He said China remained a "very interesting market" that will help the company grow "strong double digits again."

Lego bets for the future

Toy companies have had a tough year, with the epidemic being the latest challenge for an industry that has in recent years faced the threat of tariffs and bankruptcies of key retailers. Lego estimates that the global toy market contracted by three percent. Last month, Mattel reported flat annual net sales, while Hasbro's net revenue rose merely three percent.

Christiansen said despite a slow environment for the market, it would continue investing "in the longer term" and new technology-enabled products.

"We are a family-owned company, we are here for the long run. We are not steering the company for one or two quarters. We are here to make the investments and build a sustainable company that will grow also in the long run," he said.

On whether online sales will help offset any offline drop, Christiansen stressed that while the company is investing in e-commerce, it's brick-and-mortar (store) is still key to the company's strategy.

"We invest heavily in some of the shifts that happen in retail, behind e-commerce, but also creating branded stores with the right experience. The stores play a vital role in actually building the brand.

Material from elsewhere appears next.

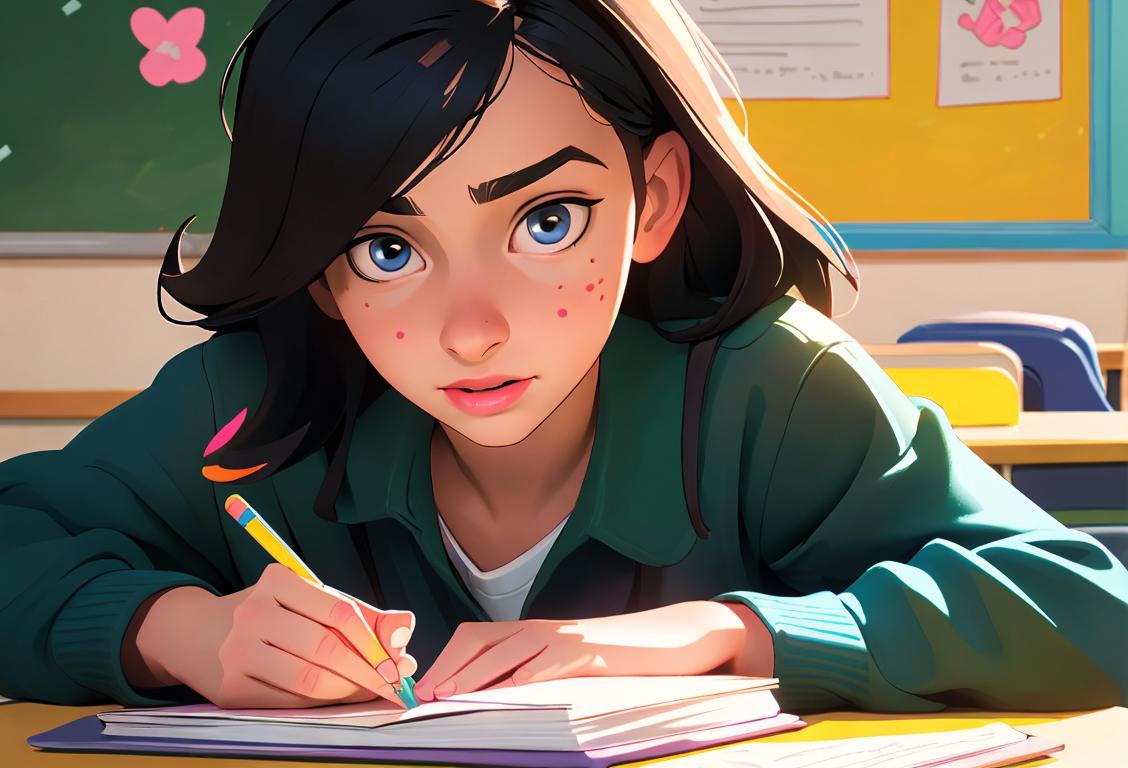 Teen girl holding a book, studying with friends, wearing school uniform, in a colorful and vibrant classroom setting..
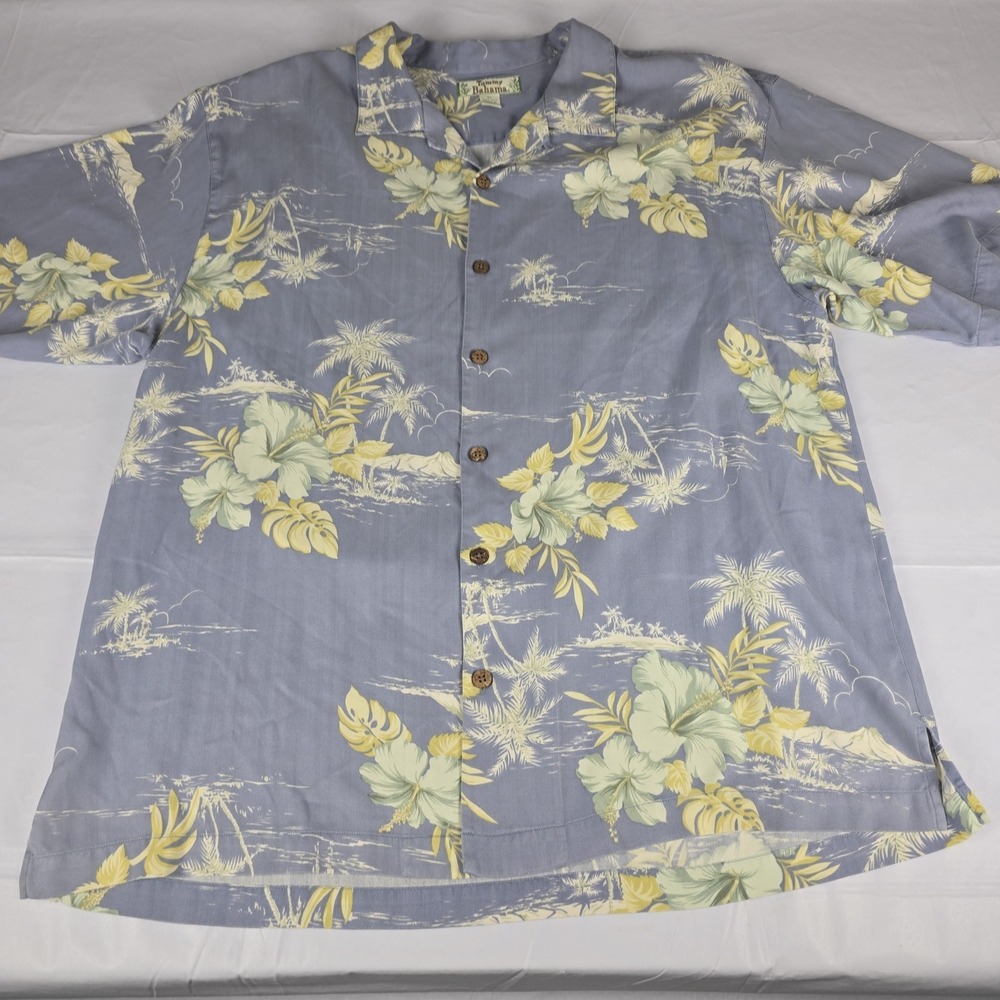 Tommy Bahama Hawaiian Camp Shirt Men's XL Floral Blue 100% Silk Loop Collar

We typically see when we open a store in an area, then also online sales will go up, they have to be there in parallel," he said.

Lego has reportedly further developed its e-commerce presence on partner platforms, including a renewed partnership with China's tech giant Tencent as part of plans to engage consumers and shoppers.

Christiansen said Lego, which is based in Billund, western Denmark,  is now expanding to the Middle East, Dubai, also in India.